Current Fuchs endothelial corneal dystrophy treatments include implanted cultured human endothelial cells.

(Image by Jennifer Toomey / MJH Life Sciences using AI)

(Image by Jennifer Toomey / MJH Life Sciences using AI)

Fuchs endothelial corneal dystrophy (FECD) is a common corneal disease that affects 4% to 7% of people in the US.1 FECD is a progressive dysfunction of the corneal endothelium characterized by abnormal endothelial morphology (pleomorphism and polymegethism) with an accumulation of guttae and excrescences on the Descemet membrane. Early disease is not typically symptomatic. Corneal edema occurs as the condition progresses, and patients may notice blurry vision, often more severe upon awakening.

FECD accounts for approximately one-third of corneal transplants in the US.2 Tremendous strides have been made in the surgical management of FECD over the past 25 years. In the past century, full-thickness corneal transplantation (penetrating keratoplasty [PK]) was the mainstay of treatment for FECD. PK could successfully restore vision for patients with FECD but was associated with a lengthy visual recovery (up to 1 year), a high lifelong risk of graft rejection, risk of suture infections, and irregular astigmatism requiring hard contact lenses for optimal vision.

Figure 1: Central corneal endothelium in a patient with Fuchs endothelial corneal dystrophy before Descemet stripping only. It shows areas of confluent guttae and endothelial cells.

Figure 1: Central corneal endothelium in a patient with Fuchs endothelial corneal dystrophy before Descemet stripping only. It shows areas of confluent guttae and endothelial cells.

Modern-day selective endothelial keratoplasty (EK) was introduced in the late 1990s.3 Over the next decade, modifications of surgical technique and graft preparation led to widespread adoption of EK. Currently, Descemet membrane EK (DMEK), in which donor endothelium and Descemet membrane without corneal stroma are transplanted, is now the most commonly performed EK technique in the US, having surpassed Descemet stripping EK (DSEK) in which donor endothelium, Descemet membrane and 50 µmto 100 µm of stroma are transplanted.2,4 EK offered numerous advantages over PK, including rapid visual recovery and reduced rejection rates.

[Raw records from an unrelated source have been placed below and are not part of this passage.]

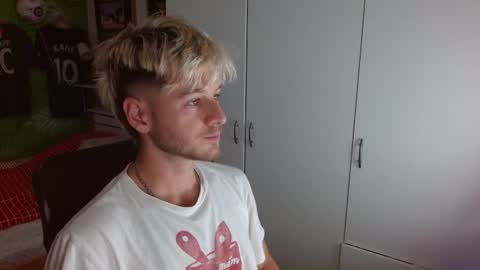 Snapshot of freddy_star chatting on November 3, 11:33 am Frederick Perin online show from November 3, 11:33 am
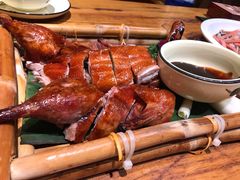 -老滇山寨•云南特色菜•地方菜•民族风情歌舞表演(金碧店)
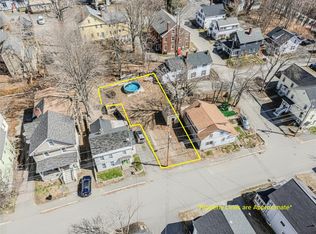 35 Oak St, Augusta, ME 04330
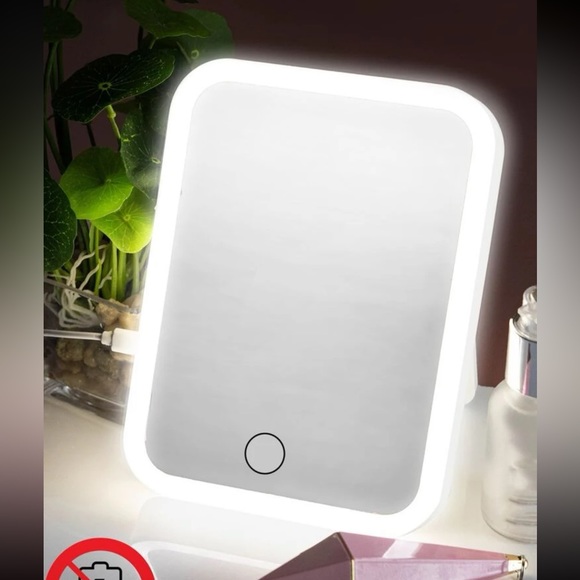 Led Touch Light Mirror - Picture 4 of 5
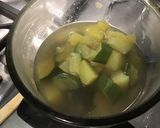 Une image de l'étape 8 de Velouté de courgettes et pommes de terre à la crème.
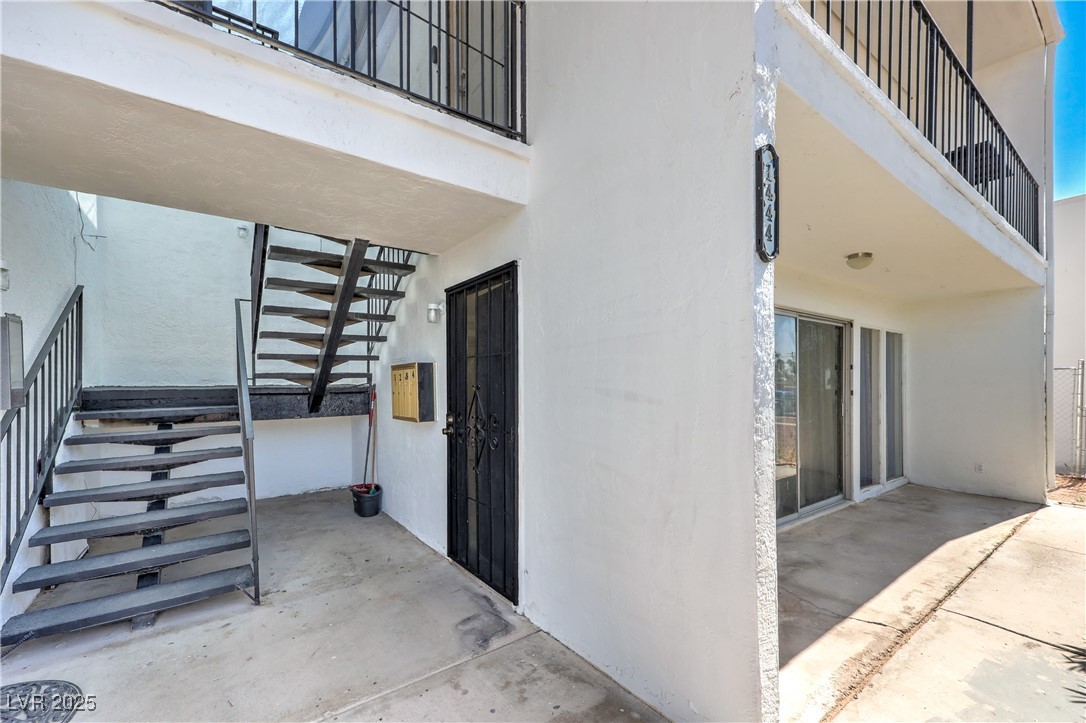 1444 Silver Mesa Circle Property Photo 4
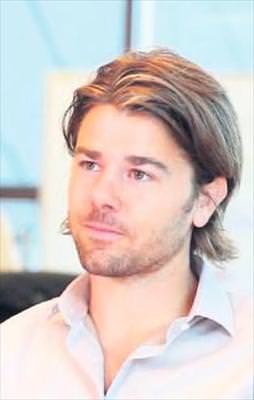 Maaşının % 90'ıyla işçisine zam yaptı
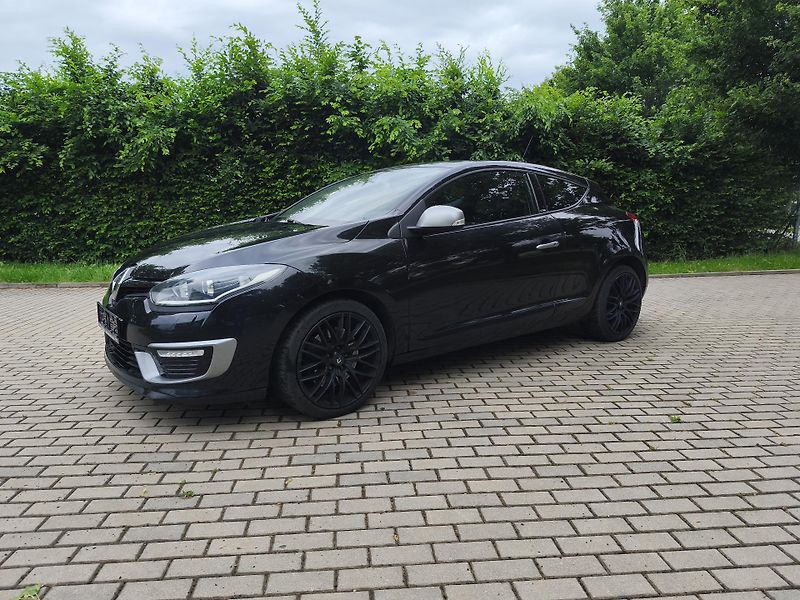Renault Mégane 2.0 Tce 220 GT - fotka 3 z 28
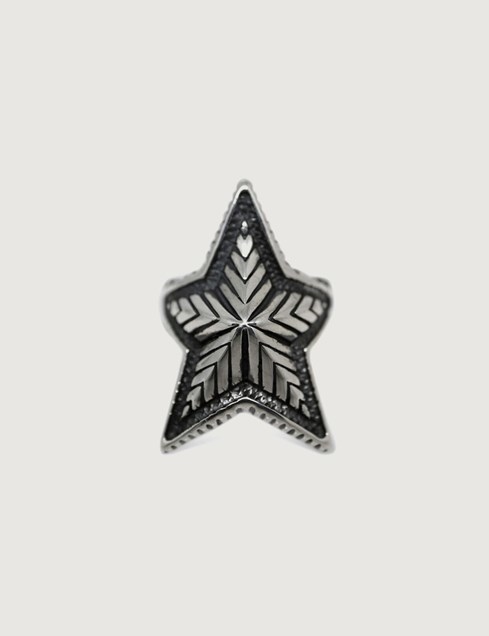 Small Depp Star Ring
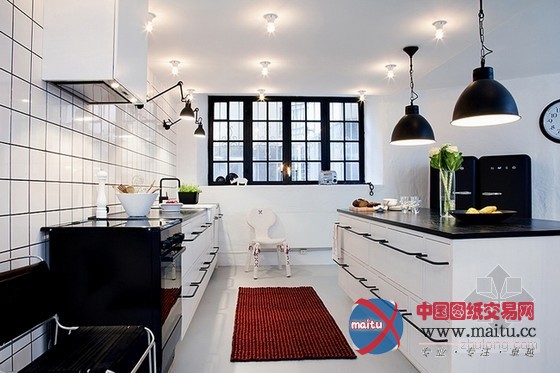 色彩混搭的摩登公寓设计 简约舒适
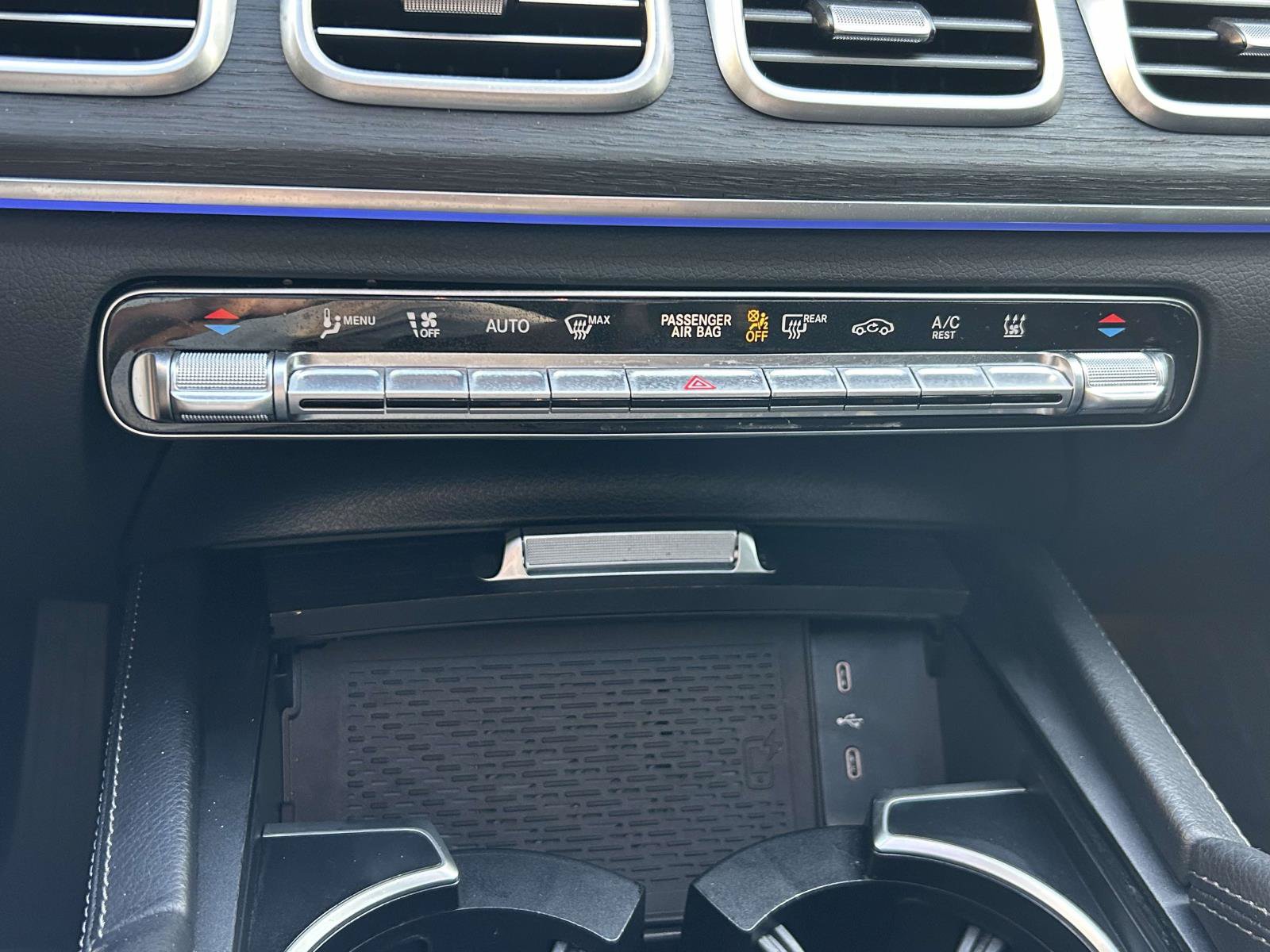 Certified 2025 Mercedes-Benz GLE 450e 4MATIC image 33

The outcomes of both DMEK and DSEK are excellent. Visual recovery tends to be quicker with DMEK, although the rate of rebubbling can be higher. At the recent meeting of the International Society of Cornea, Stem Cells and Ocular Surface in Grosseto, Italy, I led a session devoted to the endothelium with Natalie Afshari, MD; Deepinder Dhaliwal, MD; Sadeer Hannush, MD; and Marian Macsai, MD, as panelists. There was agreement that although EK in its current form is a safe and effective therapy for endothelial diseases, future advances might include insertion techniques that allow more consistent graft delivery and unfolding. Additionally, it may be possible to add various agents to the storage media to enhance endothelial cell function and viability after transplantation.

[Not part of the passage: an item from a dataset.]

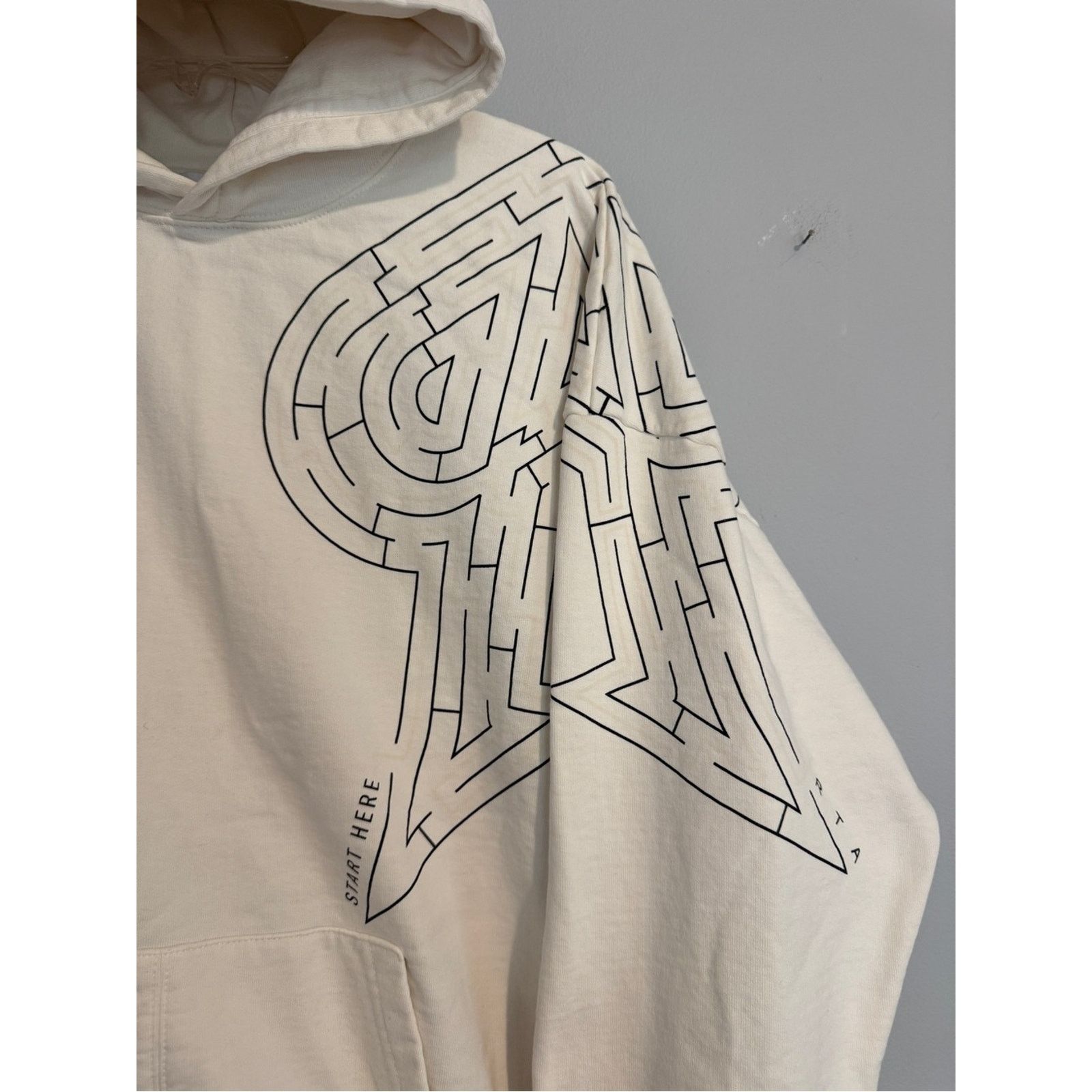Rta RTA OVERSIZED WHITE MAZE HOODIE- Small Size US S / EU 44-46 / 1 - 3 Thumbnail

Descemet stripping only (DSO), in which the patient’s central endothelium and Descemet membrane are removed but no corneal transplant is placed, has emerged as a potential surgical option for FECD in the past 10 years.5,6 DSO clears central guttae that can be visually significant while circumventing the risks of transplantation (for example, rejection and the need for long-term topical steroids with their associated adverse effects). It best suits patients with predominantly central corneal guttae of 5 mm or less with a preserved peripheral endothelium (Figure 1).

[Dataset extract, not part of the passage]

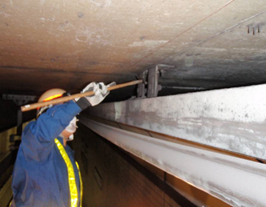 駅構造物ホーム部点検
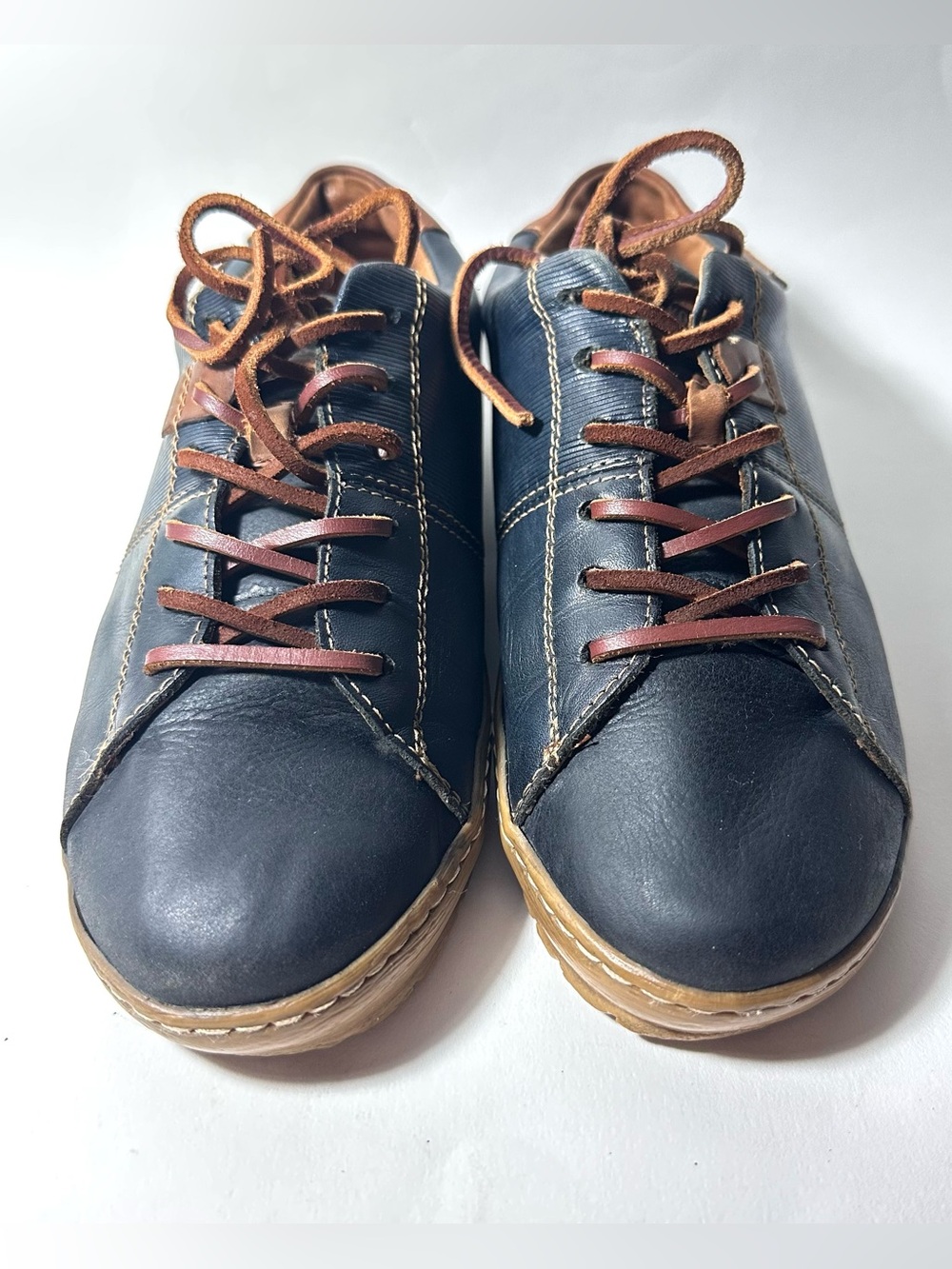 Shoes - Picture 6 of 16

Figure 2: Slit lamp photo 3 weeks after Descemet stripping only, showing residual corneal edema.

Figure 2: Slit lamp photo 3 weeks after Descemet stripping only, showing residual corneal edema.

Figure 3: Intact endothelial mosaic 2 months after Descemet stripping only, with an endothelial cell density of approximately 1000 cells/mm2. (Images couresy of Kathryn Colby, MD, PhD)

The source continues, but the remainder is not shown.